"Hebridean Princess In Pictures" by Bryan Kennedy is a wonderful large format book: a magnificent evocation of an icon. The small cruise ship "Hebridean Princess" will be known to all who live along the western seaboard of Scotland and to many who visit the area and, as this book proves, by others who have seen her during her further flung cruises. And in recent years her existence has come to the notice of a much wider audience as she has been chartered on two separate occasions, in 2006 and 2010, by HM The Queen to allow the Royal Family to relive the joys of the Scottish cruises they used to undertake aboard the Royal Yacht Britannia.
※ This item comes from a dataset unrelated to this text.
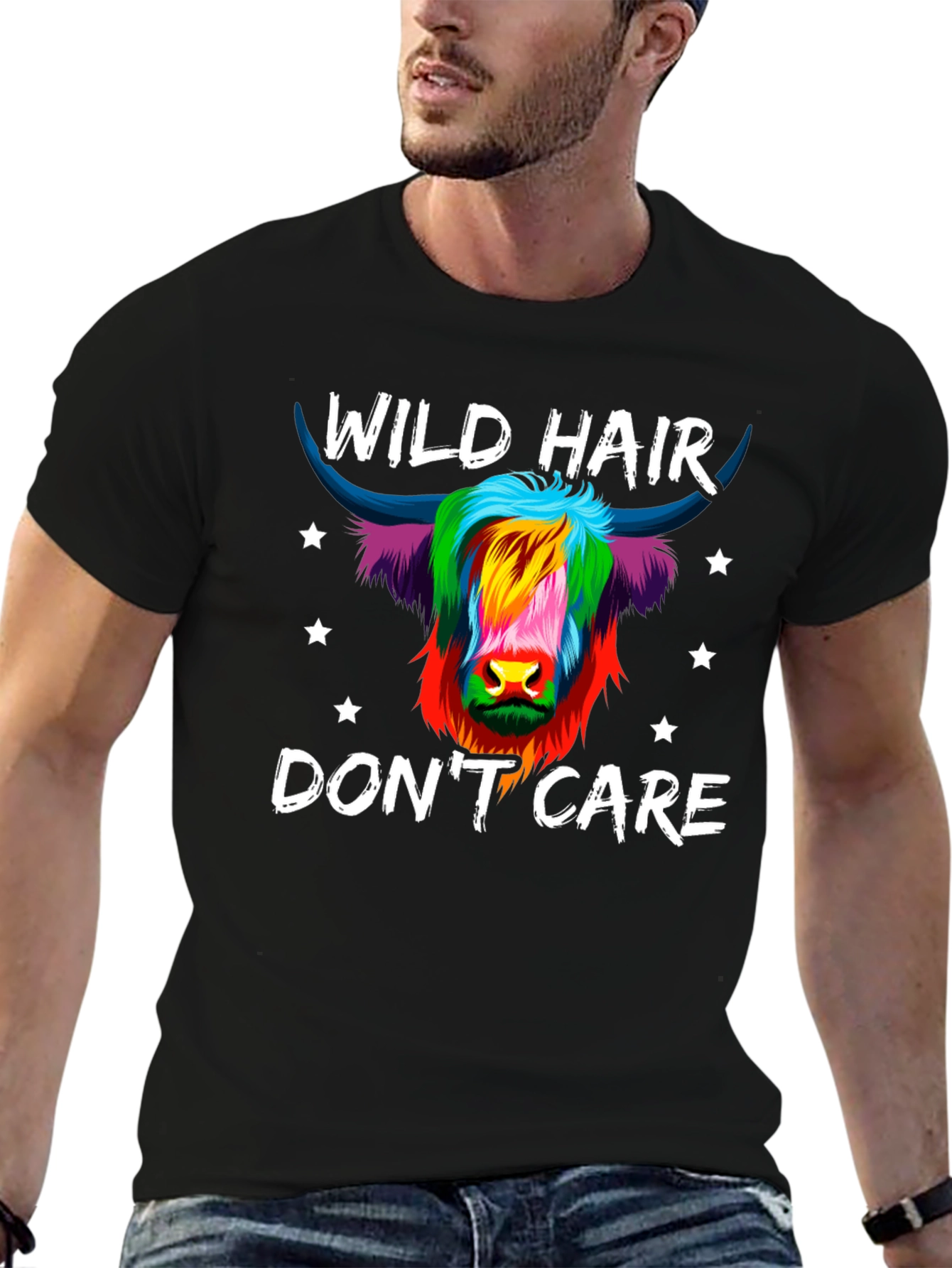 Black Wild Hair Don't Care T-Shirt view 6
It is no exaggeration to describe the Hebridean Princess as iconic. Part of this comes from the sheer exclusivity of her operations. With a maximum of 50 passengers on board and a crew to passenger ratio of nearly one to one, she is, in effect, a wandering country house hotel. What makes her truly iconic, however, is her very close association with the western seaboard of Scotland. Many of her cruises take in different parts of the highlands and islands, and the annual programme usually includes at least one opportunity to visit remote St Kilda, far out into the Atlantic beyond the Western Isles. And perhaps the third element that makes her truly unique relates to her very humble origins. The Hebridean Princess was built in 1964 in Aberdeen as the car ferry "Columba", a role she retained until 1988: though little of this past life is evident to those fortunate enough to enjoy a cruise on her today.
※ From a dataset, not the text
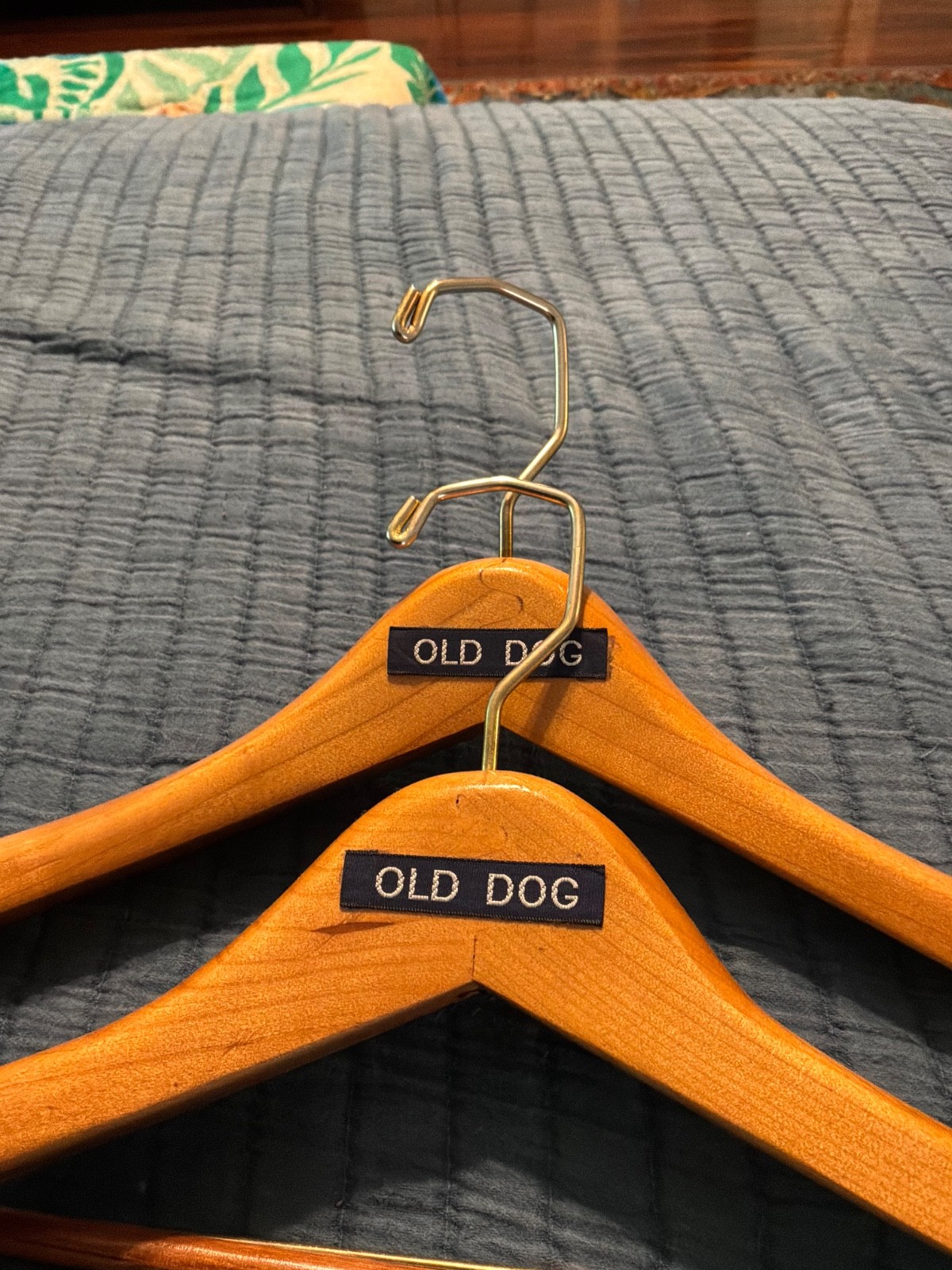 2 Old Dog Wooden Hangers, Mens Suits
Bryan Kennedy's splendid book gives a taste of life on board the Hebridean Princess, but for the most part he focuses, literally, on the ship herself and the many and varied places she has visited and continues to visit. To describe it as a "labour of love" seems to do little justice to the huge amount of time the author clearly spent taking the excellent photographs on view between the covers, which are complemented by long and informative captions. Slightly more than half of the book deals with the ship in what you might call her natural habitat, Scottish waters, and the result is a beguiling travelogue. The rest of the book covers the Hebridean Princess's further flung wanderings, including England, Ireland, the Isle of Man, Wales, France and Norway.